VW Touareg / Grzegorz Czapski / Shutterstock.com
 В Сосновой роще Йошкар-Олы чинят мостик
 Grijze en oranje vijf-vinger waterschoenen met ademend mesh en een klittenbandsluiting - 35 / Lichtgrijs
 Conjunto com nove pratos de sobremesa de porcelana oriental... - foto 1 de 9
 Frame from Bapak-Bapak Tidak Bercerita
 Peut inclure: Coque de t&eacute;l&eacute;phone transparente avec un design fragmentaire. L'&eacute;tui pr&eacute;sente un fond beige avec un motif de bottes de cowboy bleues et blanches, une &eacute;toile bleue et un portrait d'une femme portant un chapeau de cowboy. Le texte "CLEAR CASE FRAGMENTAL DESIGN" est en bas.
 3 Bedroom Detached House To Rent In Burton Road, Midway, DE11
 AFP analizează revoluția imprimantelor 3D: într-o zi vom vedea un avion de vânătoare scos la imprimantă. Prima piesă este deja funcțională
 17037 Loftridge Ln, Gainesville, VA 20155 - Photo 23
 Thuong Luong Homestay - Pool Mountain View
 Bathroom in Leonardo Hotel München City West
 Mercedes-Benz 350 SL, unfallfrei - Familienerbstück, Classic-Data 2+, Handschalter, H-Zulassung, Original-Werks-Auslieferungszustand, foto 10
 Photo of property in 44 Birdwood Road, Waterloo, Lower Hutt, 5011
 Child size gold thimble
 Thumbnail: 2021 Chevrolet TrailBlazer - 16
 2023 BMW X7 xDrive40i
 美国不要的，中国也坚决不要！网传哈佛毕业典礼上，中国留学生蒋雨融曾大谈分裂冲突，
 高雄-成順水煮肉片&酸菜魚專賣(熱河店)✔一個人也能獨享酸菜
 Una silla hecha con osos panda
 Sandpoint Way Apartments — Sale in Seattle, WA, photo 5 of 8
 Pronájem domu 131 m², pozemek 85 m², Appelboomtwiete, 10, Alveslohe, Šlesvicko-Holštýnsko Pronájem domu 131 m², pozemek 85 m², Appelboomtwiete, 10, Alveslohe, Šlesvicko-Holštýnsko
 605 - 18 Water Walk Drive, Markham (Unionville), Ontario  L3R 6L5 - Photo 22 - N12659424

**Required action**.
Reproduce only the lines above, starting at the line with "Thumbnail: 2021 Chevrolet TrailBlazer - 16" and ending at the line with "Sandpoint Way Apartments", exactly as written.

**Response area**.
 Thumbnail: 2021 Chevrolet TrailBlazer - 16
 2023 BMW X7 xDrive40i
 美国不要的，中国也坚决不要！网传哈佛毕业典礼上，中国留学生蒋雨融曾大谈分裂冲突，
 高雄-成順水煮肉片&酸菜魚專賣(熱河店)✔一個人也能獨享酸菜
 Una silla hecha con osos panda
 Sandpoint Way Apartments — Sale in Seattle, WA, photo 5 of 8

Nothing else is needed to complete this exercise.